Un timido e ottimista disadattato da un luogo in cui una maglietta Billabong passava per la moda, ho immaginato un giorno in cui Salirei tra i ranghi degli editori di moda di New York e finalmente mi sentirei parte del elite. Sarei dotato di abiti firmati da indossare ad ogni spettacolo e rifiuterei con gusto in conformità con un obbligo etico di obiettività (la domanda se i giornalisti debbano accettare regali dai marchi che coprono è un argomento appiccicoso, molto controverso soggetto). Il mio armadio sarebbe una versione raffinata di Old Celine (all'epoca, solo Celine), Raf Simmons per Calvin Klein e blazer vintage Saint Laurent; Avrei tutto ciò di cui avevo bisogno. Compreso un gruppo della settimana della moda.

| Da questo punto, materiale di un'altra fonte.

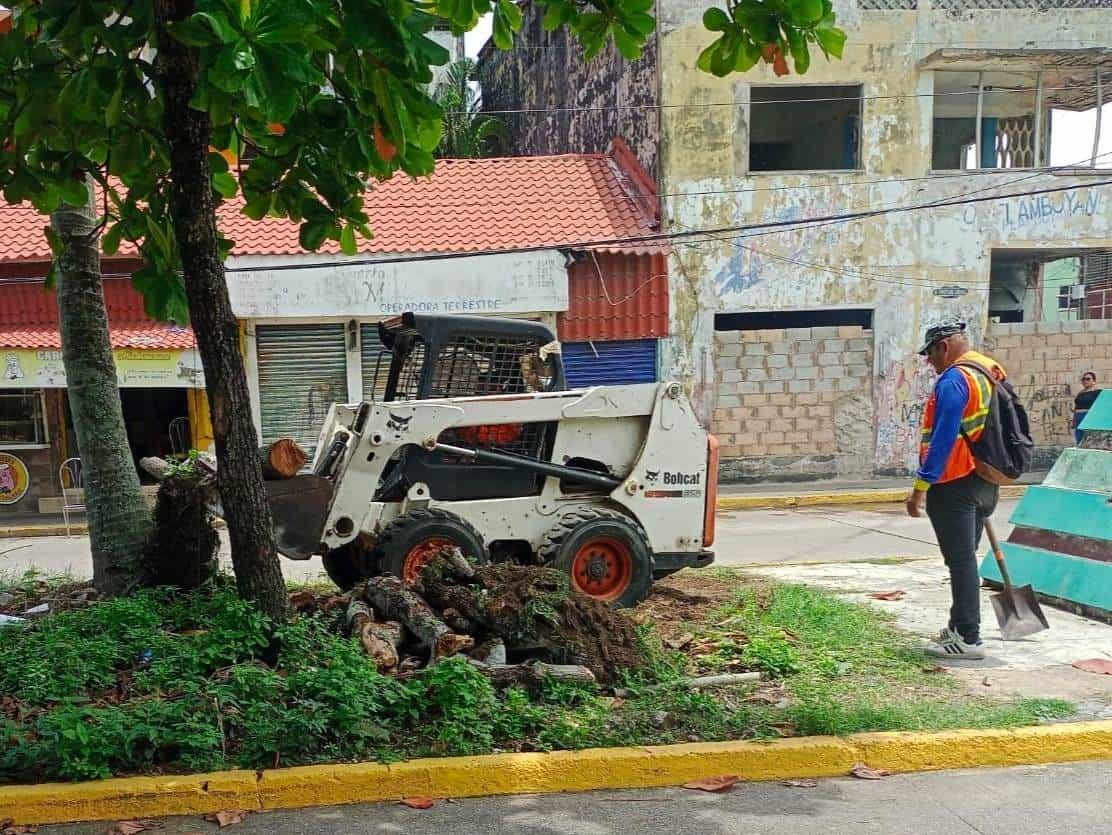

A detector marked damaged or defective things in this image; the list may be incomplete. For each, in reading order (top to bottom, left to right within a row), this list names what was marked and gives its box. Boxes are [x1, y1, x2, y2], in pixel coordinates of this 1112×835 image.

peeling paint wall [478, 0, 658, 177]
peeling paint wall [658, 0, 1112, 473]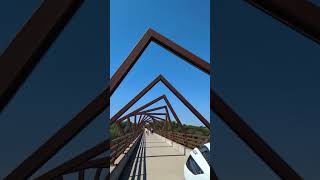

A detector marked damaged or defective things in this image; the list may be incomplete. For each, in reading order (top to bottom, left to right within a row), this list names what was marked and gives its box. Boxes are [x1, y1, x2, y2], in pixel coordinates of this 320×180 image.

rusted steel beam [0, 0, 84, 112]
rusted steel beam [244, 0, 318, 44]
rusted steel beam [6, 89, 108, 180]
rusted steel beam [34, 140, 109, 179]
rusted steel beam [211, 90, 302, 179]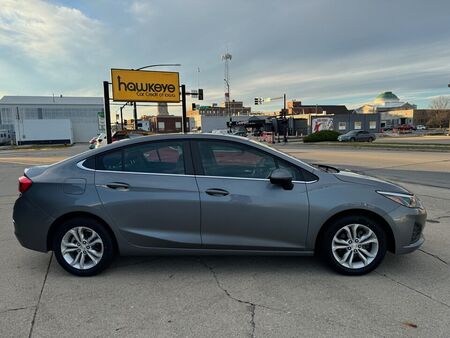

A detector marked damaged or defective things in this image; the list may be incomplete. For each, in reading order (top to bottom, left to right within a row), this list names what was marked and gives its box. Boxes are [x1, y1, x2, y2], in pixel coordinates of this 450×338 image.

cracked pavement [0, 144, 450, 336]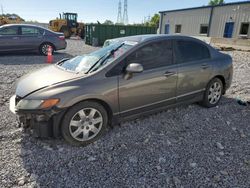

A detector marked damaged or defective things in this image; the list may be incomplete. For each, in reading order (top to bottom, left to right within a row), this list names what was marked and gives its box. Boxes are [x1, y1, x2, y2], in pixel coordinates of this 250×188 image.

damaged front bumper [9, 95, 65, 138]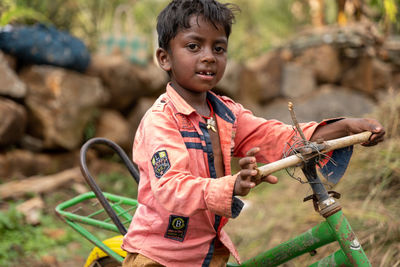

CORRELATO: Le sfilate tradizionali potrebbero non essere la risposta al futuro della moda
Poi, però, fui circondato da uomini e donne che non conoscevano il mio nome e non si preoccupavano di chiedere. C'erano i giovani, della mia età e più giovani, che assistevano alle sfilate per conto dei loro capi, e che avevano preso in prestito cappotti e vestiti di taglia campione dagli armadi di moda delle loro pubblicazioni; in qualche modo conoscevano tutti gli altri stagisti e assistenti e parlavano di recuperare le lezioni di Soul Cycle a SoHo o le costose bibite alla vodka a Le Bain. I blogger sembravano anche conoscersi e si sono abbracciati mentre sfilavano davanti ai fotografi di street style, mettendo in mostra la loro relazione simbiotica. Gli uomini e le donne più anziani si sono baciati sulla guancia e si sono lamentati dei loro mesi impegnativi a venire: Londra, Milano, Parigi - e poi una settimana negli Hamptons per rilassarsi. E, naturalmente, c'erano le celebrità che venivano introdotte dentro e fuori dalle porte sul retro, sorvegliate da pubblicisti.
Due anni e quattro NYFW dopo, in mancanza di una parola migliore, su di esso. Quando me ne sono andato Il giornalista di Hollywood per modificare le notizie su InStyle, ho iniziato a declinare i miei inviti alla settimana della moda, non più allettata dal fascino dell'abbigliamento vistoso che nessuno avrebbe comprato e che avrei visto imitazioni di pochi giorni dopo nella vetrina di Zara sulla 42esima strada. Potrei guardare gli spettacoli, per favore, in streaming live, senza falsi allegria e cartelloni pubblicitari di influencer-come-brand-walking.
La scorsa settimana della moda, c'è stata molta meno fanfara e, direi, molta più attenzione all'abbigliamento, all'arte, alla creatività delle presentazioni. Le raccolte sono più piccole, più digeribili; anche se non ho ancora visto nessuno dei vestiti di persona, le collezioni sembrano più intime, un riflesso più vero dei designer dietro di loro. Piuttosto che sedermi da solo nell'angolo di una festa della settimana della moda, sorseggiando un bicchiere di vino di cortesia e cercando goffamente l'occhio di uno stilista per una rapida intervista, ho preso le collezioni dal mio divano, sorseggiando un bicchiere di vino che avevo versato per io stesso.
Per molto tempo ho aspettato di sentirmi finalmente "adattata" alla folla della moda, ma le mie priorità erano fuori luogo. La moda non riguarda le persone con cui esci, le cricche esclusive e il livello d'élite. Si tratta, ed è sempre stato, di vestiti. Questa settimana della moda, finalmente sembrava così.